Existing Metro Vancouver waste-to-energy plant in south Burnaby burns 280

Existing Metro Vancouver waste-to-energy plant in south Burnaby burns 280

Search begins for site of new Metro Vancouver garbage incinerator

Private land owners, cities eligible to propose properties to host waste-to-energy plant

Property owners who want to host Metro Vancouver’s next garbage incinerator will be asked to step forward over the next three months.

A formal call for public and private land owners to propose waste-to-energy sites will be issued next week by the regional district and closes Oct. 15.

Besides businesses and private land owners, local cities and arms of the provincial or federal governments are all eligible to advance possible sites for Metro Vancouver’s consideration.

It’s the latest stage in a complex procurement process for a new plant that’s to be built by 2018 and consume 370,000 tonnes of garbage per year.

Metro has already solicited proposals on technology from companies interested in operating the new plant and has short listed 10 of them, based on their track record and other factors.

Most intend to build a mass-burn incinerator, although a couple of firms would use anerobic digestion or gasification.

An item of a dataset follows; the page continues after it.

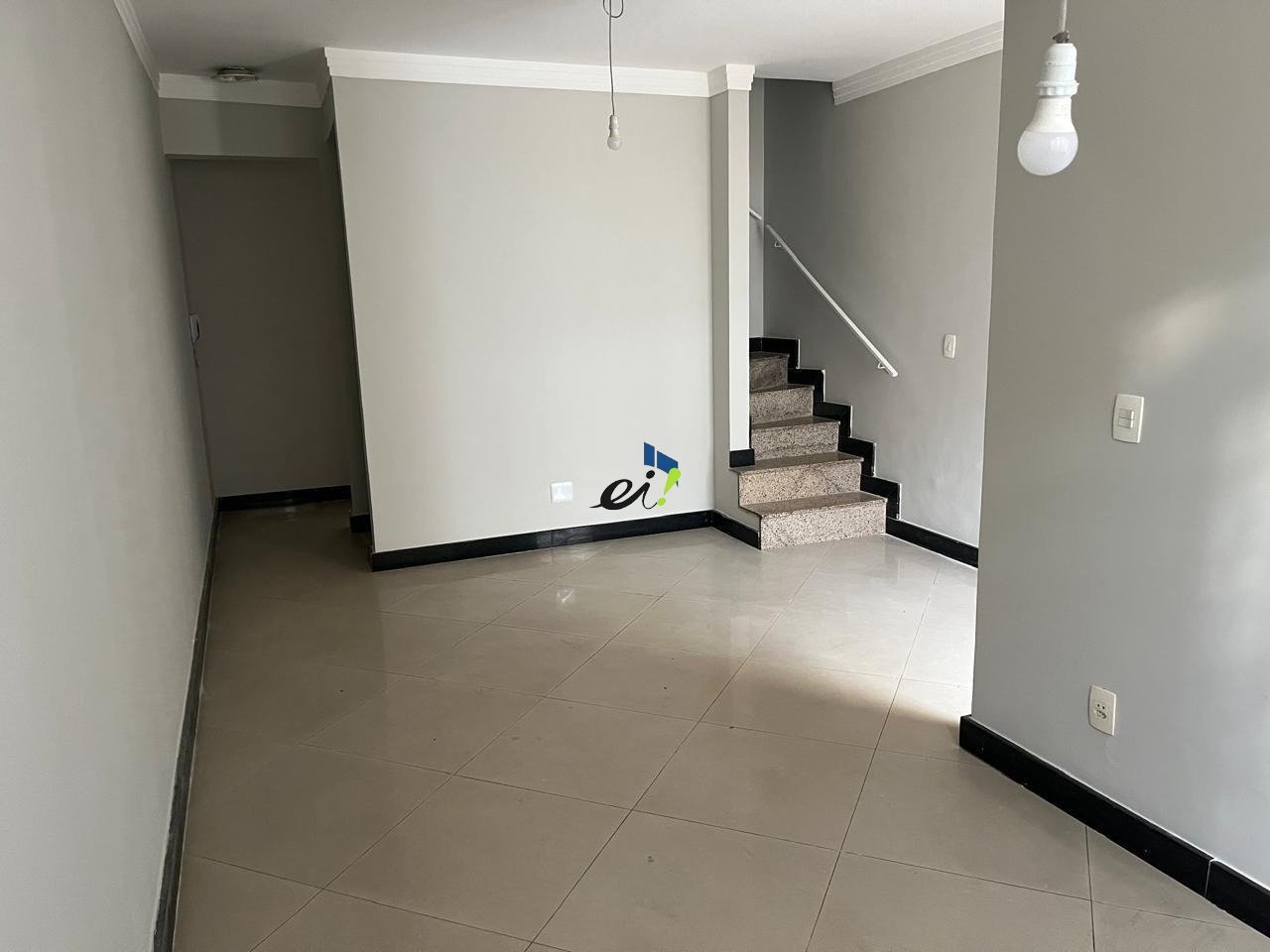 Foto 58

It’s expected many of the proponents will have separately optioned sites they consider suitable.

But Metro also wants a clutch of up to five more possible properties, one of which could be matched with an eventual winning proposal, in case it doesn’t come with a secured site or its site is less suitable.

Metro is also looking beyond this region to sites in neighbouring regional districts, including those on Vancouver Island.

Metro board chair Greg Moore said notification letters sent out recently sparked some alarm among Island residents who feared Metro could build the new incinerator in a community like Nanaimo against local wishes.

“People were misinterpreting what we were actually asking for,” he said. “We’re not forcing this upon any local government or anyone in the province. We’re just opening it up because the province told us to look out of region.”

A plant site outside the Lower Mainland would eliminate air quality concerns in the Fraser Valley Regional District, where Metro’s waste-to-energy plan has been under steady fire.

The environment ministry, in okaying Metro’s solid waste management plan, directed the region to consider out-of-region sites and to work closely with the FVRD to address Valley concerns.

Moore said any sites proposed on Vancouver Island, for instance, would have to win the support of the local council to have a serious chance of being picked.

“I think we’re going to have enough interest from municipalities and property owners who want to have a waste-to-energy facility located in their community that we aren’t going to have to look at areas that aren’t welcoming it,” he said.

A few possible sites are already known to be tied to specific proponents.

Covanta Energy, which runs the existing Burnaby incinerator and is one of the short-listed proponents, has said it could convert an old pulp mill at Gold River on Vancouver Island.

Aquilini Renewable Resources has been talking to the Tsawwassen First Nation about a possible site on TFN treaty lands.

And Lehigh Cement in Delta would burn pre-processed garbage as an industrial fuel at its current site if chosen.

By the end of the year, Metro is to make public a short list of the five additional sites it would option for purchase.

The regional board aims to pick a winning proponent and final site (or sites – it has not yet ruled out multiple plants) by 2015.

Metro last week approved the site selection criteria.

Most of the weight (55 per cent) is to be put on environmental and social factors – air pollution, health risks, water quality impacts, greenhouse gas emissions from waste hauling, proximity to existing and future energy customers, land zoning and compatibility with surrounding uses.

Another 35 per cent of the weighting is on technical suitability of the site for construction and operations, including transportation of waste. Another 10 per cent would be based on the financial costs and terms of any option to purchase or lease the site, including any specific conditions or restrictions.

According to Metro, the low rating on the financial costs is because the price of land is expected to make up less than five per cent of total project costs, which could top $500 million.

Proposed properties must be at least three hectares.

Metro expects to pay market value, but some land owners – such as local cities that stand to benefit from a district energy network – may offer the land for less to increase their chances of success.

A staff report says the region retains the right to reject any site it deems unsuitable – for example ones in the Agricultural Land Reserve or others that pose “unacceptable risks.”